I don’t remember whether the book blurb tells you or not, but this is a very clean book – not even a kiss until almost the end. However, for some reason, that just seems exactly right for this book, this story, and these protagonists. Both lead characters had recently lost parents and it had left them lost, floundering, and unsure of themselves, the world, and their place in it. Their initial meeting went badly and both of them had their hackles raised with each other from that point forward. Baxter quickly learned Briar was appropriately named as she was very prickly and easily vexed – at least by him.

American Briar Kensington lost her whole world when her parents died. She was passed from uncaring distant relative to uncaring distant relative until her British grandfather could make arrangements for her to come to England and live with him. Now, deeply mourning and in a strange country, she has no idea how to fit into this new life. The rules of English society make no sense to her as they seem to value propriety above all else.

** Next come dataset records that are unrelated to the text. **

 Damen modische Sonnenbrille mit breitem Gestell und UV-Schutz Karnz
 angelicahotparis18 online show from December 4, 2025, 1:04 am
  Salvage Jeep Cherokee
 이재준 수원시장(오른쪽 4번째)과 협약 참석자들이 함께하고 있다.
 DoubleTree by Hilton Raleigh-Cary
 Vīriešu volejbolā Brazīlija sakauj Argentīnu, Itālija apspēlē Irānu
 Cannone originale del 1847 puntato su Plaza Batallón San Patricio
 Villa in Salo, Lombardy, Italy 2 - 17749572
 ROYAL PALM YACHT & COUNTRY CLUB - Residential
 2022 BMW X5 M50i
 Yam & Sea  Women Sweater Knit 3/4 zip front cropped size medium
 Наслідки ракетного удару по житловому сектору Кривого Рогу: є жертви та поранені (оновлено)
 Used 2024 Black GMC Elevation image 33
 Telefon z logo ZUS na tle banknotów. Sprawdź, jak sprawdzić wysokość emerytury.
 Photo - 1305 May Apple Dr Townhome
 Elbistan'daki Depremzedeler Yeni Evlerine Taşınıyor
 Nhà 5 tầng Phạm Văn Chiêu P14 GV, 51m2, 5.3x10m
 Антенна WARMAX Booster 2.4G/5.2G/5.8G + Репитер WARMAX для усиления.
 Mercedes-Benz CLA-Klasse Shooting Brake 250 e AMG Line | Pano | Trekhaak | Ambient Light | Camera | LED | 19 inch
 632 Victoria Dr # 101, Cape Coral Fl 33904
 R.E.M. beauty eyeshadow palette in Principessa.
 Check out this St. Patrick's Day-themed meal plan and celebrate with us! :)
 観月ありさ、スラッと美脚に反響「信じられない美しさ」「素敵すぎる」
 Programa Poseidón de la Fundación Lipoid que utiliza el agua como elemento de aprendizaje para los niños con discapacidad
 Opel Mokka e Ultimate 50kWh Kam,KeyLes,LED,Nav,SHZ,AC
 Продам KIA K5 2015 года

So, when she literally runs into a man on a path she believes is on her grandfather’s property – and he refuses to give his name because they have not been introduced – and then proceeds to denigrate her being American – she takes an intense dislike to him. She fumes at what a lout he is!

Baxter Fernley, the Earl of Grafton, is still reeling from the sudden loss of his father. His father was everything that was good, decent, proper, and wise, and now Baxter has to step into those shoes. How can he do it? He spent his life at his father’s side learning to be the earl, but learning and observing are a far cry from being the earl. The responsibility for the earldom, his six brothers, and his mother sits heavily on his shoulders. So, when a hoydenish American literally runs into him and she ends up sitting in a mud puddle, his temper flares. How dare she be on his property, especially so dirty and unkempt. Her manners – goodness – how can she be so forward? She demanded to know his name though they’d never been introduced.

Every time Baxter and Briar are near each other, the tempers flare, and unkind words are hurled like spears into battle. Yet, beneath those tempers, there are kindred spirits that recognize each other and pull toward each other. It was delightful to watch these two battle it out until they each finally had the grand epiphany that they actually enjoyed those battles and they cared for each other.

I really enjoyed this read and this new-to-me author. The writing was good, the plot flowed well, and the characters were very relatable. I would assume there will be six more books in the series since there are six more brothers to marry. I suppose there could be seven should the author decide to provide a romance for Gigi, the mother of all those boys. Should you choose to read the book, I hope you will enjoy it as much as I did.